On 19 May 2008, the Chairman of the Board of Taxation announced the release of the Board's issues papers on possible reforms to Australia's foreign source income anti-tax-deferral (attribution) rules. This paper complements the Board's position paper that was released on 12 March 2008.

We believe that the Board's recommendations are admirable and we strongly support their implementation.

We will continue to agitate to remove a number of the discrepancies and impediments in this area, particularly in respect of transfers of funds in Australian superannuation plans upon initial arrival in Australia.

This update focuses on the interaction with Australia's Foreign Investment Fund rules.

Background

In general, under Australia's taxation rules, tax residents of Australia are taxable on their worldwide income.

To ensure residents cannot accumulate income offshore and thereby defer or avoid Australian an accruals basis on their share of income accumulating offshore.

Australia's attribution regimes include the foreign investment fund (FIF) rules.

A FIF is any foreign company or foreign trust. A foreign superannuation fund will fall within the meaning of a foreign trust.

There are a number of exemptions from the FIF rules including:

  • A temporary resident;
  • Employer sponsored superannuation funds; and
  • De minimis rules

However an individual who is treated as a tax resident will be caught by these rules and a number of issues arise in respect of foreign non employer sponsored superannuation funds.

A "temporary resident" of Australia is exempt from the foreign investment fund rules. An individual if a temporary resident if:

  • they hold a temporary visa granted under the Migration Act 1958; and
  • they are not an Australian resident within the meaning of the Social Security Act 1991; and
  • their spouse (married or de facto) is not an Australian resident within the meaning of the Social Security Act 1991.

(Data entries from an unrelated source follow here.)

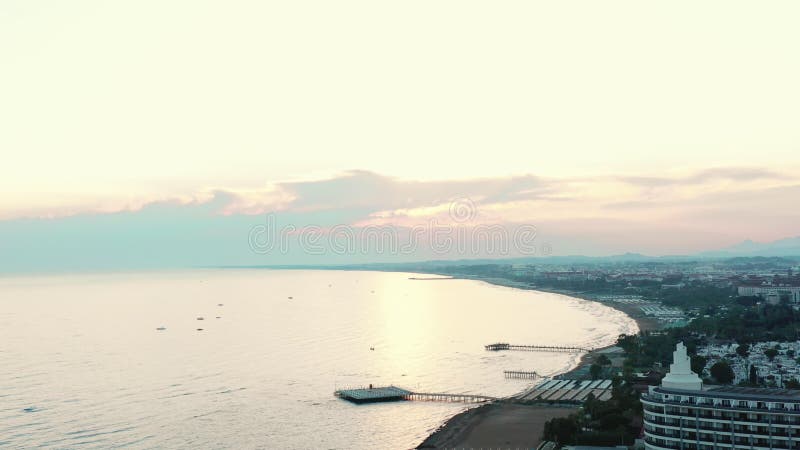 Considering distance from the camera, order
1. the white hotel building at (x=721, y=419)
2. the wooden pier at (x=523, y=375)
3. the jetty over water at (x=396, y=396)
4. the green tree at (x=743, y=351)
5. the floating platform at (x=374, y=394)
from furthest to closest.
Answer: 1. the green tree at (x=743, y=351)
2. the wooden pier at (x=523, y=375)
3. the jetty over water at (x=396, y=396)
4. the floating platform at (x=374, y=394)
5. the white hotel building at (x=721, y=419)

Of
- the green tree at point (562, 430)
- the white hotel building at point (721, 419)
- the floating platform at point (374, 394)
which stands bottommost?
the floating platform at point (374, 394)

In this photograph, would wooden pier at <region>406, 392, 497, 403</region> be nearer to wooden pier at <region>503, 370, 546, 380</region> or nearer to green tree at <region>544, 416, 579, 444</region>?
wooden pier at <region>503, 370, 546, 380</region>

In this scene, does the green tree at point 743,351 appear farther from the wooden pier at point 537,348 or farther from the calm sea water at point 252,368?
the calm sea water at point 252,368

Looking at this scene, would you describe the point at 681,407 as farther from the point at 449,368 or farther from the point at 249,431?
the point at 449,368

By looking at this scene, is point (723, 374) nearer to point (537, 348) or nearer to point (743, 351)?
point (743, 351)

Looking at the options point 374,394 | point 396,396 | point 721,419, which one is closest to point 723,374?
point 396,396

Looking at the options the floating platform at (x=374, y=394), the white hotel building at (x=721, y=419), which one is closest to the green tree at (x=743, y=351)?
the floating platform at (x=374, y=394)

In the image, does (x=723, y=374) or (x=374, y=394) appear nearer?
A: (x=723, y=374) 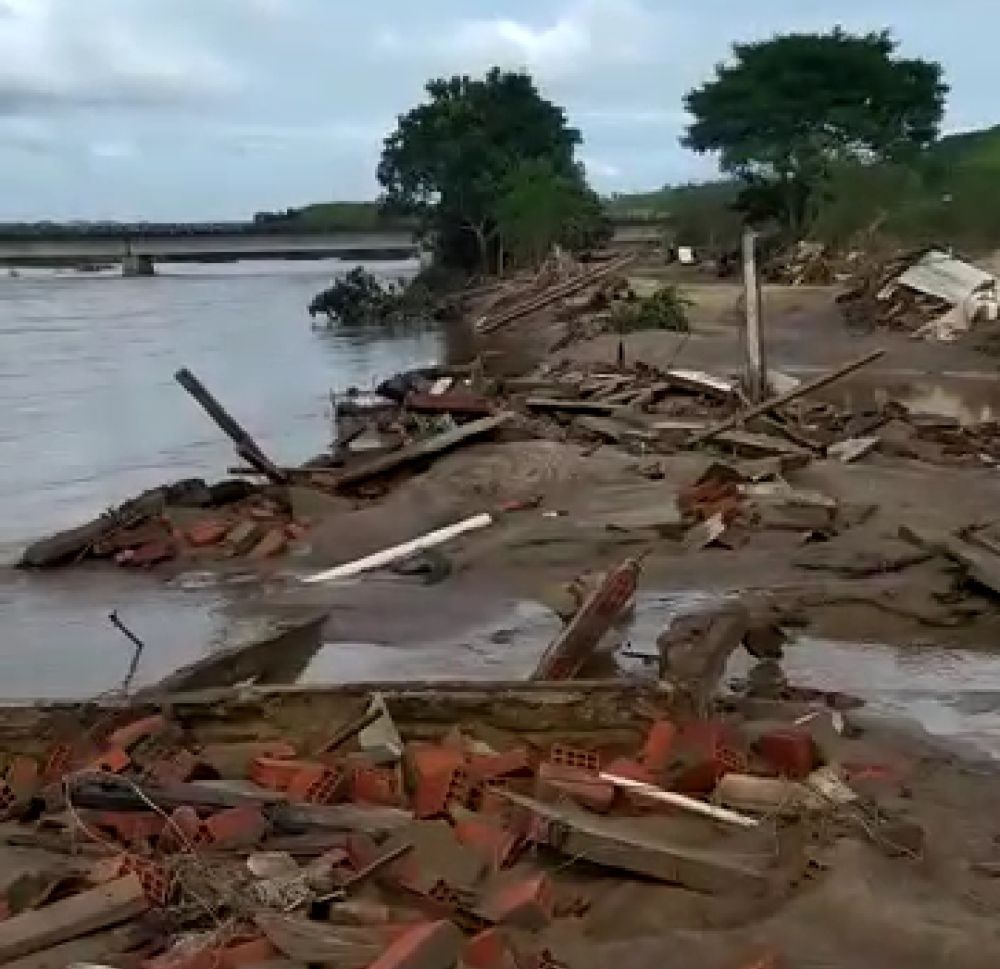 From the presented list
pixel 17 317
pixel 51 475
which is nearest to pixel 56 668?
pixel 51 475

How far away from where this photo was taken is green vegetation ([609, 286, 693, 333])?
Result: 3859cm

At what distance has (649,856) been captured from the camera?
22.0ft

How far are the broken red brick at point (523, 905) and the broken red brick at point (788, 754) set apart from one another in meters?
1.77

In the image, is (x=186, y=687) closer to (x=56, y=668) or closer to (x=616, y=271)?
(x=56, y=668)

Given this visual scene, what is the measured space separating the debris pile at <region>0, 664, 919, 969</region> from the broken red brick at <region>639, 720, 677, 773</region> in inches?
0.4

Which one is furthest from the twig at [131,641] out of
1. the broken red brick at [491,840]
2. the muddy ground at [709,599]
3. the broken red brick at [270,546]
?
the broken red brick at [491,840]

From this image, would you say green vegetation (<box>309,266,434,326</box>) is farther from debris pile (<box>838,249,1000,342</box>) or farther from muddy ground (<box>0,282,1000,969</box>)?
muddy ground (<box>0,282,1000,969</box>)

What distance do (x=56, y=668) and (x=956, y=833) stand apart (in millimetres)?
7312

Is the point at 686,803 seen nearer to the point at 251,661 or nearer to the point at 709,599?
the point at 251,661

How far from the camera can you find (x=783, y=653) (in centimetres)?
1152

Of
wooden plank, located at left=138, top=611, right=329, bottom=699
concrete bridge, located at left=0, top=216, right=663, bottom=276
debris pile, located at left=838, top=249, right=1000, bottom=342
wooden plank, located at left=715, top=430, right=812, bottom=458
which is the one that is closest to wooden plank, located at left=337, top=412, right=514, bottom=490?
wooden plank, located at left=715, top=430, right=812, bottom=458

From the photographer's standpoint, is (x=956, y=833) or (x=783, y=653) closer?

Board of Taxation position

The Board has adopted the following positions that impact on individuals:

"Position 4.7 - That uniform de minimis exemptions be applied to all interests in foreign entities and that:

  • a $200,000 threshold apply to the total value of interests in foreign entities;
  • the balanced portfolio threshold be increased to 20 per cent and that it apply to an entity's total assets (rather than being confined to offshore investments only)."

"Position 4.15 - That an exemption apply to funds that have been rolled over from an employer-sponsored superannuation fund."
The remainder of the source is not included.